**Task**
The listing below contains a span that opens with the line containing "Elegant Vomero Hideaway - Family Friendly *" and closes with the line containing "Livraison piscine coque". Return that span exactly.

**Available data**
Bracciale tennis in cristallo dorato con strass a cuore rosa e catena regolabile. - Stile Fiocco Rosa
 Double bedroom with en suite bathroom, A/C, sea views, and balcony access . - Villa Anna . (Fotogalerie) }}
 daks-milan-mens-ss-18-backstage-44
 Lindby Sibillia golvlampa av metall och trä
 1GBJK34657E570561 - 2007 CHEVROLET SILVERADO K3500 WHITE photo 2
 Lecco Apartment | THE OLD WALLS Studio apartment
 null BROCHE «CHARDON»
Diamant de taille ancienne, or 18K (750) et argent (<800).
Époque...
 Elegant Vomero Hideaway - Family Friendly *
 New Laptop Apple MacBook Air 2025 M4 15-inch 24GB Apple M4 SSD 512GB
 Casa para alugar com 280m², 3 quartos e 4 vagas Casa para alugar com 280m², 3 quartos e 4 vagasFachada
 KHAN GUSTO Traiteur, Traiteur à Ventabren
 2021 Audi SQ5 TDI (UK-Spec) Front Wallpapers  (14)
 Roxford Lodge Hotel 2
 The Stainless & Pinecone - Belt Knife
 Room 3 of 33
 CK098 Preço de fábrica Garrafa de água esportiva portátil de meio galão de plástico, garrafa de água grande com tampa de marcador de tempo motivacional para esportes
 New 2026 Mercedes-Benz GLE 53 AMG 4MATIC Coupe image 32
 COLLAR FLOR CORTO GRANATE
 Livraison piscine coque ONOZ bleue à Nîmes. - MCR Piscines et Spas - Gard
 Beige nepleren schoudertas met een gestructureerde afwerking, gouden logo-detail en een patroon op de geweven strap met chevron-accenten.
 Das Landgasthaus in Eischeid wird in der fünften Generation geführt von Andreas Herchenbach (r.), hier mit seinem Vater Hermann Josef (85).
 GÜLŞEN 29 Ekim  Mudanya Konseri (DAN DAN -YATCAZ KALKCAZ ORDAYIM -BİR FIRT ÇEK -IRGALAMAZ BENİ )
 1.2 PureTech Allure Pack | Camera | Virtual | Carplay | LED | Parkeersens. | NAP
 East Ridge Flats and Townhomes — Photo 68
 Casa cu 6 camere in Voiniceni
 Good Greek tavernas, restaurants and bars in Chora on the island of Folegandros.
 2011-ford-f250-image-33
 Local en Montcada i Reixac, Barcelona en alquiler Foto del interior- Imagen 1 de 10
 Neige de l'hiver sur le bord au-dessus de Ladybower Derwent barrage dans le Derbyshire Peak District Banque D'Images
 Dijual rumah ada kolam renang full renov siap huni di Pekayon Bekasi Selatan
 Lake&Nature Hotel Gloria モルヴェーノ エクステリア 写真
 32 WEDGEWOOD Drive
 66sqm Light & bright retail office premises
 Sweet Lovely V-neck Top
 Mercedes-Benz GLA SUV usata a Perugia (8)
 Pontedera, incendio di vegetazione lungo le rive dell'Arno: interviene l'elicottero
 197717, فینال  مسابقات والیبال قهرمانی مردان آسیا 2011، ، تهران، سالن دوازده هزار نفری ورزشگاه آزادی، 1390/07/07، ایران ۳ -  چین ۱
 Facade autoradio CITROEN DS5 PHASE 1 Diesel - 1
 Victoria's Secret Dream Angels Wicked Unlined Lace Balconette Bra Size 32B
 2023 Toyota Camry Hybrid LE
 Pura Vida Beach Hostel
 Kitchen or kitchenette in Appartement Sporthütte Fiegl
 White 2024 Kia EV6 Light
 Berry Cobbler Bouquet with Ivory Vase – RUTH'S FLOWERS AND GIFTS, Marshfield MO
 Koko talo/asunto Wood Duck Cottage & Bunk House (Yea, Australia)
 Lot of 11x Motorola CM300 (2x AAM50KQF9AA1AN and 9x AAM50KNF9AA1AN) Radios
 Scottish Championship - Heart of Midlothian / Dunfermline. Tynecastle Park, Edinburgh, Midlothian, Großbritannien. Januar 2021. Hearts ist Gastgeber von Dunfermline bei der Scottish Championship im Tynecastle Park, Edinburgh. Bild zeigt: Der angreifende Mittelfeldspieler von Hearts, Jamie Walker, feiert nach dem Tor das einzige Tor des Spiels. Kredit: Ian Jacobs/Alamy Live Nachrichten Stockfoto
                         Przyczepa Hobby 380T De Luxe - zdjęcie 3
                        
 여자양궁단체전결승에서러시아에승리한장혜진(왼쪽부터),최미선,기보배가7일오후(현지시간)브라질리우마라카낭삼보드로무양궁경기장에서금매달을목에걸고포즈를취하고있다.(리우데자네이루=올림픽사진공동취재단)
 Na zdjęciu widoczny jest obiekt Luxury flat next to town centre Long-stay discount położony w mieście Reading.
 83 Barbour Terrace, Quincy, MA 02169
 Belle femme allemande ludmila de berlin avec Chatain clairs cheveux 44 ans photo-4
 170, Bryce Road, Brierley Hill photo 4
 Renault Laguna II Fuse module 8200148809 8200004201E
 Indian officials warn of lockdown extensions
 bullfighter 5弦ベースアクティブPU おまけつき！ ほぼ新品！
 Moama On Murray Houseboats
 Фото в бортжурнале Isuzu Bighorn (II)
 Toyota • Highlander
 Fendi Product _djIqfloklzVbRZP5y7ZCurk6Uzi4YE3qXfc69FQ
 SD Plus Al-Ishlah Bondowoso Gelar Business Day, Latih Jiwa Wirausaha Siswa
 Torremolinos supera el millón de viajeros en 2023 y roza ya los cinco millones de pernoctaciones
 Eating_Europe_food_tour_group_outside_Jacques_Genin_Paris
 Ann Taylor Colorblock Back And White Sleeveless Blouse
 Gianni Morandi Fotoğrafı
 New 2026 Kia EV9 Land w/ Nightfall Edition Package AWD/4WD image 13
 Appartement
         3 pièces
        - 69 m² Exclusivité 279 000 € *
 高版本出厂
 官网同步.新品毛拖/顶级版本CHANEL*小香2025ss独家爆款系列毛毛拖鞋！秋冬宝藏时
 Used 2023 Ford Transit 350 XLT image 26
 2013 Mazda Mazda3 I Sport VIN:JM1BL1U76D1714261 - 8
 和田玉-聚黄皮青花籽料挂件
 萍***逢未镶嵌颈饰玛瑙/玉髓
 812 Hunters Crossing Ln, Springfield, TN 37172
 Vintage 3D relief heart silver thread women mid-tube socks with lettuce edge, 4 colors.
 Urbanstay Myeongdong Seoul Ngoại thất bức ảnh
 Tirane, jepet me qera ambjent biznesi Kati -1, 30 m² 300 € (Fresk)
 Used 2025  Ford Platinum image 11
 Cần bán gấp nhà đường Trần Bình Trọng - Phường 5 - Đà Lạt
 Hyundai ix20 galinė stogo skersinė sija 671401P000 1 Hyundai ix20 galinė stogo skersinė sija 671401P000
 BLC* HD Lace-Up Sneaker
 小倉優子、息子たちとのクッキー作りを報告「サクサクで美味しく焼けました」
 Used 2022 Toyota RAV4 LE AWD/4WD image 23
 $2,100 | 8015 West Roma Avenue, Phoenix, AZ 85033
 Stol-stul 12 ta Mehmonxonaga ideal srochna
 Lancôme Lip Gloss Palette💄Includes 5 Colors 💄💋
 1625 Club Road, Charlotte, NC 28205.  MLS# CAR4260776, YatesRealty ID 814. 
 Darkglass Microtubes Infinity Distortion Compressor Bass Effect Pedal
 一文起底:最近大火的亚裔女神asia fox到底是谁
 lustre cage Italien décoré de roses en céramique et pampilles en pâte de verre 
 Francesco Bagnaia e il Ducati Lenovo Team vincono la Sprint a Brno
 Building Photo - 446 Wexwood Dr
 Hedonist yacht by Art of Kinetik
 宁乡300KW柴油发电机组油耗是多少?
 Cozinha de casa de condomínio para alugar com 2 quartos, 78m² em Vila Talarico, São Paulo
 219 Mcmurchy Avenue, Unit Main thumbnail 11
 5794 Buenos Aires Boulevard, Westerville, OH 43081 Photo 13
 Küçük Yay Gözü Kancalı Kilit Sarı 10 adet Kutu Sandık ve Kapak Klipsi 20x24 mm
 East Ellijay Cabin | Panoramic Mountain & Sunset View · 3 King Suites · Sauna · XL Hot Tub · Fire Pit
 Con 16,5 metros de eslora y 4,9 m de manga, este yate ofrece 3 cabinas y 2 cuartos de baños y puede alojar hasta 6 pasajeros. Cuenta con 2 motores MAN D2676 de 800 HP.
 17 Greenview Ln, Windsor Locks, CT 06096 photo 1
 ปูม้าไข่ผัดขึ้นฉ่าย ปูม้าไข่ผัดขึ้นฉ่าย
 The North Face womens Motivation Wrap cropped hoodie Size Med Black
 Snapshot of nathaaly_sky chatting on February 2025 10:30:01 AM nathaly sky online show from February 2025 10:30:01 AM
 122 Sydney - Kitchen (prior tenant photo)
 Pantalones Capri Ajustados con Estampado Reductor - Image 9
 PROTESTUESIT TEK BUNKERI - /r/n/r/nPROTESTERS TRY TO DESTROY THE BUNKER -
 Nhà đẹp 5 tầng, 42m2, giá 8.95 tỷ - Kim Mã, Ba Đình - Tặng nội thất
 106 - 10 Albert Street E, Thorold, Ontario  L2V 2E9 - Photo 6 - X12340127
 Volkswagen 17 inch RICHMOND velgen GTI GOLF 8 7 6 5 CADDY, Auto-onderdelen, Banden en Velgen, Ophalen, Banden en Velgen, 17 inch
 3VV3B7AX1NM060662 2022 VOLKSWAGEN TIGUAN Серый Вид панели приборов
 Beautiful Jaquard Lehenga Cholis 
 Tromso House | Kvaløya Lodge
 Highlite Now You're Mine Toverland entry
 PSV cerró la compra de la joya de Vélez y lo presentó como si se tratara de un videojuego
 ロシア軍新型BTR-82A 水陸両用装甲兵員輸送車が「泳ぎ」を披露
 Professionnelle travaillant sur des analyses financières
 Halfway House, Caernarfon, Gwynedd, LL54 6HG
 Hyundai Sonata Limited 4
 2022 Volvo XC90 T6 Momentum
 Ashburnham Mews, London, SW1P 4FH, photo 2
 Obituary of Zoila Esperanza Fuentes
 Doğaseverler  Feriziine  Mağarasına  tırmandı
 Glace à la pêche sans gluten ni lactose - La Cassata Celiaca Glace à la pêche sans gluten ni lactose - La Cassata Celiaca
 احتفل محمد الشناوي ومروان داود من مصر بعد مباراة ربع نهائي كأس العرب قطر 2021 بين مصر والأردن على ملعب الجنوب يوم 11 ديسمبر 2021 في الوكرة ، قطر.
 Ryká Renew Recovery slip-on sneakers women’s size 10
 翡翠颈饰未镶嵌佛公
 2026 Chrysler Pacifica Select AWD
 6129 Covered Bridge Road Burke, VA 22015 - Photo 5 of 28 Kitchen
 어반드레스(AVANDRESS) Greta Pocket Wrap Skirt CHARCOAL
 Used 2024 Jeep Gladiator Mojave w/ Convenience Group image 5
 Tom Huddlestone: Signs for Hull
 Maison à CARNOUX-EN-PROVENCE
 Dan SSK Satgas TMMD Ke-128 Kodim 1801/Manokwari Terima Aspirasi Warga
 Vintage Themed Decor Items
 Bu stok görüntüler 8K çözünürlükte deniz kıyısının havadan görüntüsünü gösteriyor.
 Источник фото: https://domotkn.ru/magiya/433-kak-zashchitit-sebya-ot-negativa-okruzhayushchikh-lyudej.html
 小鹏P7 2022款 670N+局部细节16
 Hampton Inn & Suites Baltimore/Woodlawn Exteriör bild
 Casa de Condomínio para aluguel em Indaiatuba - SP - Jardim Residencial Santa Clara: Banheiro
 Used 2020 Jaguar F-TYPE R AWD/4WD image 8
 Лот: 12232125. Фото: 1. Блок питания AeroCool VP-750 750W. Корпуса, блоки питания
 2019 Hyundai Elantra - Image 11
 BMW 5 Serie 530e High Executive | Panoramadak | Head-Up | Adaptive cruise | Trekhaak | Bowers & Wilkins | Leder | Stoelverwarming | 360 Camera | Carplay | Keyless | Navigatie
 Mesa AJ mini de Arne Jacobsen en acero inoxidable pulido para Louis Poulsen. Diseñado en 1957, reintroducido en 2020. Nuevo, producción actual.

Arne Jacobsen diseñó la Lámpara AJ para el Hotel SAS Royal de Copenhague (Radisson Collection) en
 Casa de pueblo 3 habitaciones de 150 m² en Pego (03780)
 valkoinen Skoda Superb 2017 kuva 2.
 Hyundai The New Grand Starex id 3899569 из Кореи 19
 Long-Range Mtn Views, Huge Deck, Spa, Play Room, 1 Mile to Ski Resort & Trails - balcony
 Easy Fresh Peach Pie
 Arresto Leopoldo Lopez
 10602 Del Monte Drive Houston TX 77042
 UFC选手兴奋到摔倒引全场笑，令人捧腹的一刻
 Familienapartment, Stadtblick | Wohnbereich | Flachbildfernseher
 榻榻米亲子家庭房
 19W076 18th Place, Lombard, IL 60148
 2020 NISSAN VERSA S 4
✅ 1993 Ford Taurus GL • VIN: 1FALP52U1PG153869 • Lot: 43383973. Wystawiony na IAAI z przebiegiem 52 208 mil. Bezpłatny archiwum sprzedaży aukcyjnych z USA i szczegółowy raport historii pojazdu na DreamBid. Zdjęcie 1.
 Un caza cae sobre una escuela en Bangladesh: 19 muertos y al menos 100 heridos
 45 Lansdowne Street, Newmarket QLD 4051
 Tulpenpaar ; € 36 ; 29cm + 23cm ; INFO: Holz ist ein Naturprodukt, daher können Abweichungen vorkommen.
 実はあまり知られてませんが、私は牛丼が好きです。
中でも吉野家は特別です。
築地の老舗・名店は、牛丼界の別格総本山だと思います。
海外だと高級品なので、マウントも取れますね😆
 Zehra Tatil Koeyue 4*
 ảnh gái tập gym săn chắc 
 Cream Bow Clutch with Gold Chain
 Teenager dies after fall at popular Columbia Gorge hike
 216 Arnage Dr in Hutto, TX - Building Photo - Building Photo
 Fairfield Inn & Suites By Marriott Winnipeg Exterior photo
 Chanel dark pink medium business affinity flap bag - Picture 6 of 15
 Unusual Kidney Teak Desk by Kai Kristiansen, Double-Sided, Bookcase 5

**Reply to the exercise**
 Elegant Vomero Hideaway - Family Friendly *
 New Laptop Apple MacBook Air 2025 M4 15-inch 24GB Apple M4 SSD 512GB
 Casa para alugar com 280m², 3 quartos e 4 vagas Casa para alugar com 280m², 3 quartos e 4 vagasFachada
 KHAN GUSTO Traiteur, Traiteur à Ventabren
 2021 Audi SQ5 TDI (UK-Spec) Front Wallpapers  (14)
 Roxford Lodge Hotel 2
 The Stainless & Pinecone - Belt Knife
 Room 3 of 33
 CK098 Preço de fábrica Garrafa de água esportiva portátil de meio galão de plástico, garrafa de água grande com tampa de marcador de tempo motivacional para esportes
 New 2026 Mercedes-Benz GLE 53 AMG 4MATIC Coupe image 32
 COLLAR FLOR CORTO GRANATE
 Livraison piscine coque ONOZ bleue à Nîmes. - MCR Piscines et Spas - Gard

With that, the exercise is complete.